----- Original Message -----
Hi Dave,
On 12/17/12 11:23, Dave Anderson wrote:
>>> Right -- I would never expect error() to be called while inside
>>> an open_tmpfile() operation. Normally the behind-the-scenes data
>>> is parsed, and if anything is to be displayed while open_tmpfile()
>>> is still in play, it would be fprint()'ed using pc->saved_fp.
>>
>> I think the aesthetically pleasing solution is an
"i_am_playing_with_tmpfile()"
>> call that says it isn't closed and crash functions shouldn't be using
it.
>> Plus a parallel "i_am_done_with_tmpfile()" that gets implied by
"close_tmpfile()".
>> I can supply a patch, if you like. Probably with less verbose function names.
>
> If pc->tmpfile is non-NULL, then open_tmpfile() is in use. What would be
> the purpose of the extra functions?
It would be to allow the client code that is processing that temp file to emit
warning/info messages without disrupting the reading of that file pointer.
To me, that doesn't seem unreasonable. You run some code that emits output
to a temp file and you reprocess those data. You surely do not want such
messages showing up in the file you are re-processing. And you cannot
call close_tmpfile() because it calls ftruncate().
So, what is your recommendation for how to reprocess diverted output
wherein you might occasionally want to say something during that
reprocessing?
Three solutions come to mind:
1. Juggle file pointers before and after the __error() function call
(please say, "No.")
No.
2. Create my own temporary file and fiddle the global "fp"
and "pc" state so it
gets used while I am gathering data and crash code doesn't know about it later.
(I insist the answer must be, "No." because there is too much fiddling
with
intricate crash state.)
No.
3. These two functions that I am suggesting:
void
resume_tmpfile(void)
{
int ret ATTRIBUTE_UNUSED;
if (pc->tmpfile)
error(FATAL, "recursive temporary file usage\n");
if (!pc->tmp_fp)
error(FATAL, "temporary file not ready\n");
rewind(pc->tmp_fp);
pc->tmpfile = pc->tmp_fp;
pc->saved_fp = fp;
fp = pc->tmpfile;
}
void
sequester_tmpfile(void)
{
int ret ATTRIBUTE_UNUSED;
if (pc->tmpfile) {
fflush(pc->tmpfile);
rewind(pc->tmpfile);
pc->tmpfile = NULL;
fp = pc->saved_fp;
} else
error(FATAL, "trying to sequester an unopened temporary file\n");
}
And no...
When open_tmpfile() is in play and you want to print something, you can
always use fprintf(pc->saved_fp, ...) as is done everywhere now.

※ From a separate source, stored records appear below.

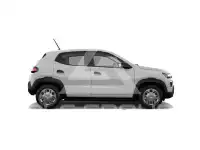 2026 Dacia Spring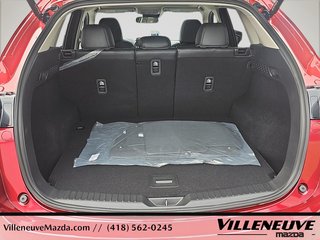 Mazda CX-5 GS 2025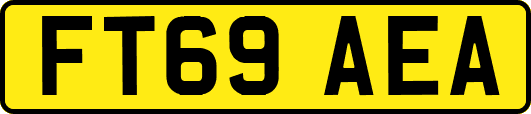 FT69AEA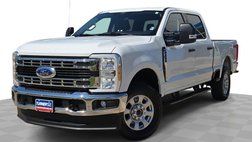2024 Ford Super Duty F-250 XLT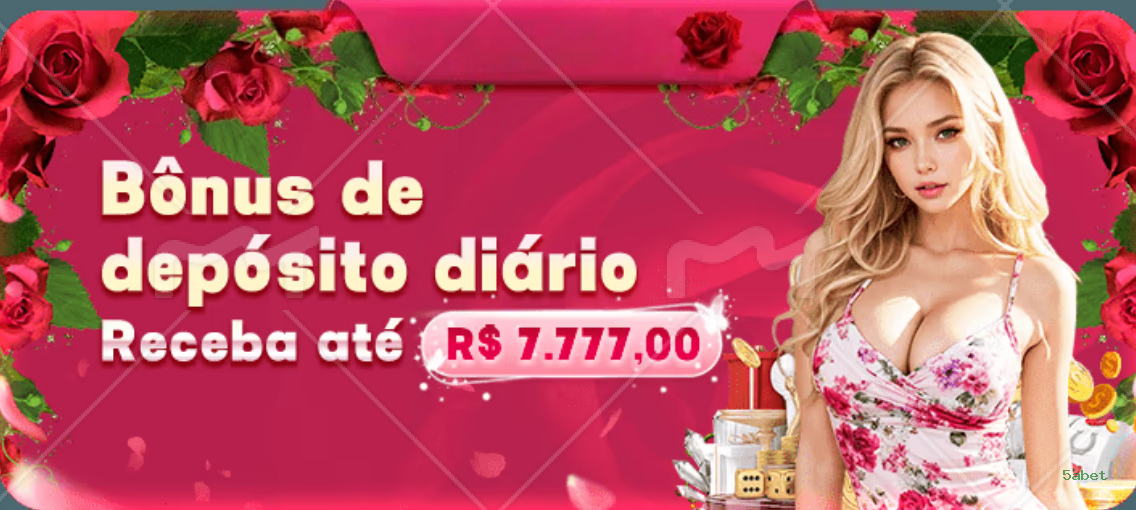 Promoções 5abet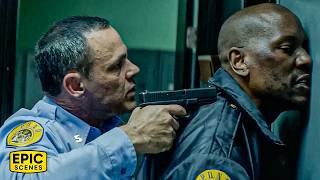 Corrupt Cops Finally Busted In Epic Final Fight - Black And Blue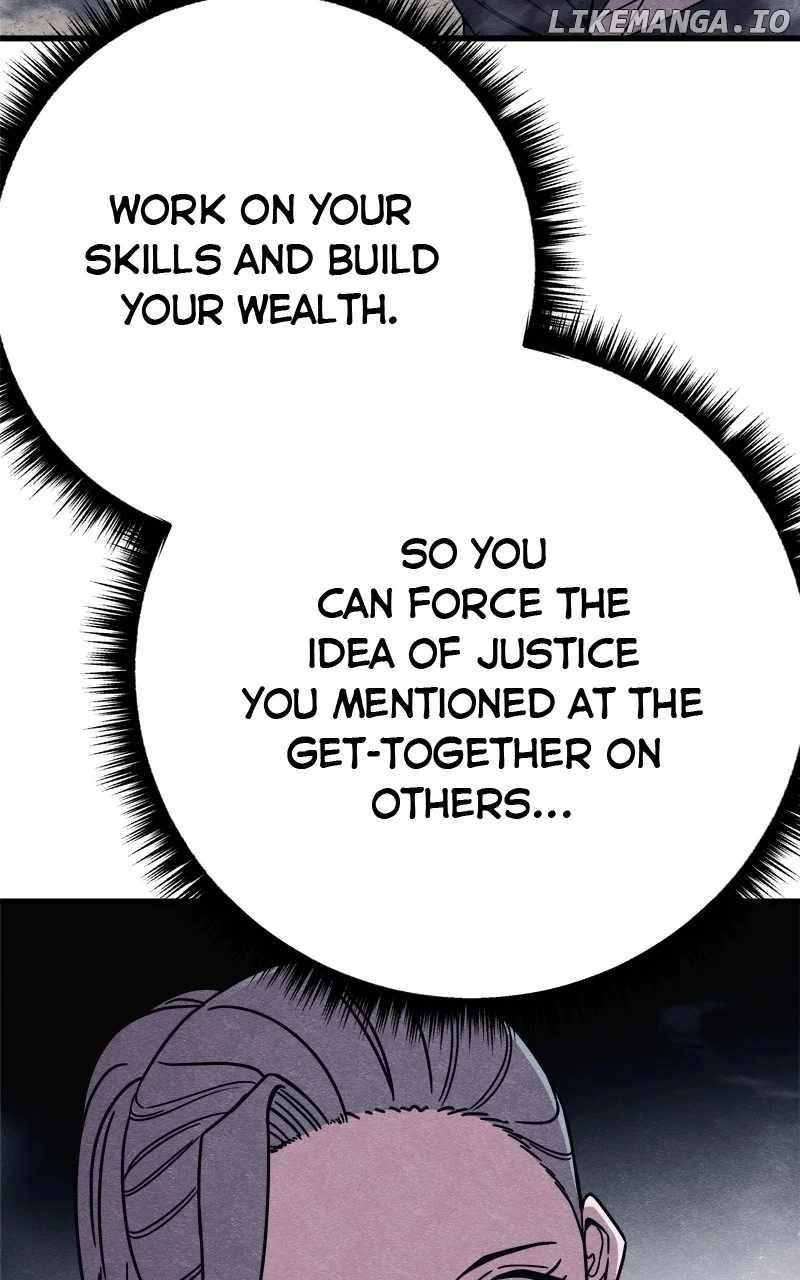 Zombie X Slasher Chapter 83 - Page 115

That being said, if you truly desire to use error() during an open_tmpfile()
operation, then that anomoly should be handled in the error() function.
So, if error() is called during open_tmpfile(), i.e., then the message should
be displayed as it is done now, which is to pc->stdpipe (i.e., the current
more/less scroller if it is in effect), or to stdout if not:
if (pc->stdpipe) {
fprintf(pc->stdpipe, "%s%s%s %s%s",
new_line ? "\n" : "",
type == CONT ? spacebuf : pc->curcmd,
type == CONT ? " " : ":",
type == WARNING ? "WARNING: " :
type == NOTE ? "NOTE: " : "",
buf);
fflush(pc->stdpipe);
} else {
fprintf(stdout, "%s%s%s %s%s",
new_line || end_of_line ? "\n" : "",
type == WARNING ? "WARNING" :
type == NOTE ? "NOTE" :
type == CONT ? spacebuf : pc->curcmd,
type == CONT ? " " : ":",
buf, end_of_line ? "\n" : "");
fflush(stdout);
}
and if the output is currently being redirected to a file or to a pipe,
then it is also issued to those end-points here:
if ((fp != stdout) && (fp != pc->stdpipe)) {
fprintf(fp, "%s%s%s %s", new_line ? "\n" :
"",
type == WARNING ? "WARNING" :
type == NOTE ? "NOTE" :
type == CONT ? spacebuf : pc->curcmd,
type == CONT ? " " : ":",
buf);
fflush(fp);
}
It's that "duplication" above that you're seeing.
And I am simply suggesting that the if statement above should be:
if ((fp != stdout) && (fp != pc->stdpipe) && (fp !=
pc->tmpfile)) {
because you obviously don't want the message intermingled with your open_tmpfile()
output.
I sequester the file after doing the data gathering and resume it
after I am done reprocessing it. It might be worth putting in a little jig
to ensure that open/close_tmpfile work reasonably, too. (I would guess
that either would cancel the sequestration.)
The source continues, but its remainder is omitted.